Tom Lane wrote:
> "Simon Riggs" <simon@2ndquadrant.com> writes:
>> ... BMI is not useful at all
>> for PKs, whilst GIT is specifically designed to handle them.
>
> This seems a strange statement, because GIT doesn't look particularly
> efficient for unique indexes AFAICS. In the worst case you'd have to
> look individually at each tuple on a heap page to check for uniqueness
> conflict (no binary search, because you couldn't assume they are
> ordered).
It handles them in the sense that a clustered PK index is way smaller
than a normal PK index. Unlike the bitmap index, which is not suitable
for highly distinct columns.
Inserting and performing a uniqueness check is more expensive on a
clustered index, because as you said it needs to scan the heap page
looking for conflicts. It's alleviated by the heuristics Simon
mentioned; a page is "groupified" when only when it gets full, which
means there'll usually be a mixture of normal and groupified tuples on a
leaf page.
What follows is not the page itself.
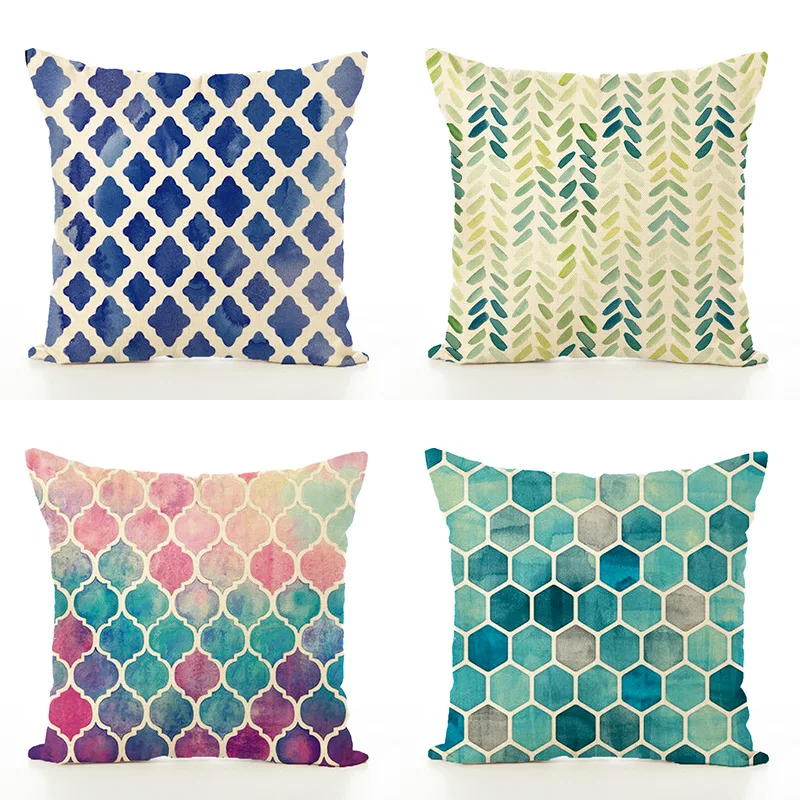 

Pillow Case Cover Plaid Geometric Color New Cotton Home Pillowcases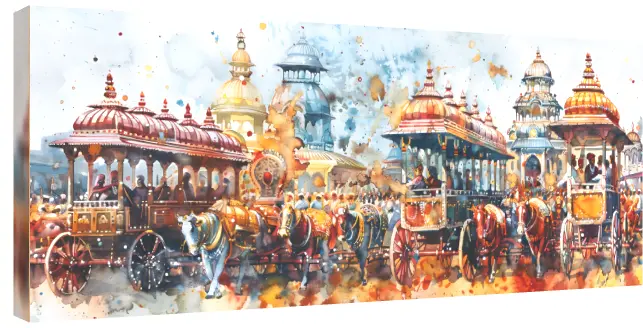 Historic Carriage Cityscape Canvas | PrintPosters.in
In particular, if there's hot key values that are repeatedly
inserted, the index tuples corresponding those key values are likely to
stay as normal index tuples, and are therefore cheaper to check
uniqueness against.
Also IIRC, the patch tries to keep the last index tuple on a page as a
normal index tuple, which catches the important special case of
inserting monotonically increasing keys, like with a sequence-generated PK.